Il en résulte que tout ce que l'homme a jamais pensé ou senti doit sortir de votre organisme. Et vous êtes le produit de toute cette connaissance c'est tout ce que vous êtes...


Qu'est-ce que la pensée ? Vous n'en savez absolument rien - sinon ce qui vous a été dit sur ce que vous appelez « pensée ». Qu'allez-vous faire d'elle : la façonner, la contrôler, lui donner une forme... ou l'interrompre ? Vous passez votre temps à exercer une action sur elle parce qu'on vous a suggéré d'effectuer tel ou tel changement, de vous en tenir aux « bonnes pensées » et d'éliminer les « mauvaises ». Les pensées sont ce qu'elles sont ni bonnes ni mauvaises. Aussi longtemps que vous aurez le désir d'agir sur elles, vous obéissez à leur mouvement : vouloir et penser sont une seule et unique chose. Vouloir comprendre implique un mouvement de pensée, et ce mouvement, vous le perpétuez, vous lui conférez sa continuité...


Le fonctionnement de vos sens est « dénaturé » parce que vous voulez en tirer quelque chose. Pourquoi ? Parce que vous désirez que votre « vous » continue. Vous protégez cette continuité. La pensée est un mécanisme protecteur : elle protège le « vous » aux dépens de quelque chose ou de quelqu'un d'autre. Tout ce qui est issu de la pensée est destructeur et en fin de compte vous détruira, vous et votre espèce...

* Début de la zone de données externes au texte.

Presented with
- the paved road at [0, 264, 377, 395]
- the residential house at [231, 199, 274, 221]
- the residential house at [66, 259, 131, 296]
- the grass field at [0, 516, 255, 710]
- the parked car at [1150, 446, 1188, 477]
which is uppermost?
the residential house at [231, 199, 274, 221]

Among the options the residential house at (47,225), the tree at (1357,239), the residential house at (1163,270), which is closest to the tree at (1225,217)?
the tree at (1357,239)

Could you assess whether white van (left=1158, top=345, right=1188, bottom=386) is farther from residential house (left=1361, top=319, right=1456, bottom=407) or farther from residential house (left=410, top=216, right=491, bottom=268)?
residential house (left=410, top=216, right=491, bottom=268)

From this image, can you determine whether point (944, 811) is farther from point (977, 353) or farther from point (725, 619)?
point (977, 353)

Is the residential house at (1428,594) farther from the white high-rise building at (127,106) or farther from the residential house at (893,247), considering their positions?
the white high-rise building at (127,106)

C'est le mécanisme répétitif de la pensée qui vous épuise - et que pouvez-vous donc faire pour vous en sortir ? C'est la seule et unique question et toute réponse qui vous sera donnée ne fait que renforcer le mouvement de la pensée... Alors que faire ? Rien du tout. Ce mouvement est trop puissant : il dispose d'une force de vie accumulée au cours de millions d'années. Vous êtes totalement impuissant et vous n'êtes même pas conscient de votre impuissance.

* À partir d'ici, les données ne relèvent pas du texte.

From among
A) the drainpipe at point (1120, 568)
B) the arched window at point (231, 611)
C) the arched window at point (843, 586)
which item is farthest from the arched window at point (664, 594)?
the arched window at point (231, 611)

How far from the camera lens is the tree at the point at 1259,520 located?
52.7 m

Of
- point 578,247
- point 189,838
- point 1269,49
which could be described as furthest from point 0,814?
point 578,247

Si vous pratiquez quelque système de maîtrise mentale, automatiquement le « vous » est là poussé par là même à la continuité. Avez-vous jamais médité réellement, sérieusement ? ou connaissez-vous quelqu'un qui l'ait fait ? Non, personne ne le fait... Si vous méditiez sérieusement vous tourneriez en rond dans l'asile de fous. Et vous ne pouvez pas davantage pratiquer l'attention totale appliquée à être conscient de chaque instant de votre vie. Vous ne pouvez pas être pleinement conscient : « vous » et votre conscience ne peuvent coexister. Si vous pouviez une seconde seulement, une seule fois dans votre vie vous trouver en état de conscience pure (awareness) votre continuité claquerait net, l'illusion de la structure expériencielle, le « vous » - tout cela s'effondrerait et tout retomberait dans le rythme de l'état naturel. Cet état où vous ne savez pas ce que vous regardez, cela c'est vraiment la conscience pure. Si vous re-connaissez ce que vous regardez, vous êtes là de nouveau en train d'expérimenter le passé - ce que vous savez.

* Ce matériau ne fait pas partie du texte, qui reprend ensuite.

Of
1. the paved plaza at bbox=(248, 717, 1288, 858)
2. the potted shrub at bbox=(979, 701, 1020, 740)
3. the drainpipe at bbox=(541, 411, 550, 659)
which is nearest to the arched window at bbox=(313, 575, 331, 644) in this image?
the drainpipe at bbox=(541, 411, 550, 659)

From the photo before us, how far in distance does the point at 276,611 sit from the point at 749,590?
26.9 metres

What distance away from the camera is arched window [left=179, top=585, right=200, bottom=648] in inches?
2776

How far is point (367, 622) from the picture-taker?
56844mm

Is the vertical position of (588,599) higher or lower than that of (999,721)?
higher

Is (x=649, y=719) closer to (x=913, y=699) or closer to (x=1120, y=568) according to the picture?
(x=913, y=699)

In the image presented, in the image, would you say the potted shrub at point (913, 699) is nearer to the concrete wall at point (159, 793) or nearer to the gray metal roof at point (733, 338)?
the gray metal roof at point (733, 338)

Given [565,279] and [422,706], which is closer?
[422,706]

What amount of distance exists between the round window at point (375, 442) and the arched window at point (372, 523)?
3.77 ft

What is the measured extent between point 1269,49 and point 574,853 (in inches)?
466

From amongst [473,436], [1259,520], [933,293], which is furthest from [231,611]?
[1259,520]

Ce qui réintègre une personne dans son état naturel, cette personne et non telle autre, je n'en sais rien. Peut-être est-ce inscrit dans les cellules. C'est a-causal. Ce n'est pas de votre part un acte «volontariste» vous ne pouvez pas le provoquer. Il n'y a rien que vous puissiez faire. Vous pouvez vous méfier de l'homme qui vous dit comment il a assumé cet état. Il y a une chose dont vous pouvez être sûr, c'est qu'il ne le sait pas lui-même et n'a pas la possibilité de vous le communiquer. Il y a dans la structure du corps un mécanisme de détente. Si la structure expériencielle se relâche l'autre processus prend le relai à sa manière propre. Le fonctionnement du corps est dès lors totalement différent sans l'interférence de la pensée sauf en cas de nécessité pour communiquer avec quelqu'un. Pour employer la formule du «ring», vous n'avez plus qu'à « jeter la serviette » et déclarer forfait. Personne ne peut vous venir en aide et vous ne pouvez pas vous aider vous-même.


Cet état naturel ne vous intéresse pas : vous ne vous attachez qu'à la continuité. Sans doute désirez-vous continuer à un autre niveau, en fonction d'une dimension différente mais quoiqu'il en soit vous voulez continuer. Pour vous ce ne serait pas à prendre avec des pincettes ! Ce serait effectivement liquider tout ce que vous considérez comme «vous», moi supérieur, moi inférieur, âme, Atman conscient, subconscient etc. S'il vous vient quelque velléité, vous dites « il me faut du temps »... Alors intervient la sadhana et vous vous dites « Demain, je comprendrai»... Cette structure est née du temps et fonctionne dans le temps mais ce n'est pas dans le temps qu'elle parviendra à son terme. Si vous ne comprenez pas aujourd'hui, vous ne comprendrez pas demain. Pourquoi d'ailleurs voulez-vous comprendre ce que je dis ? Vous ne pouvez pas comprendre. C'est de votre part un exercice futile que de comparer mon mode de fonctionnement au vôtre. C'est une chose que je ne peux pas communiquer. En fait aucune communication n'est nécessaire. Aucun dialogue n'est possible. Quand le «vous» n'est pas là, quand le problème n'est pas là ce qui est, c'est la compréhension : c'est la fin du « vous », le « vous » s'en va. Vous n'écouterez plus celui qui décrit cet état et vous ne lui poserez plus de question sur la compréhension de cet état...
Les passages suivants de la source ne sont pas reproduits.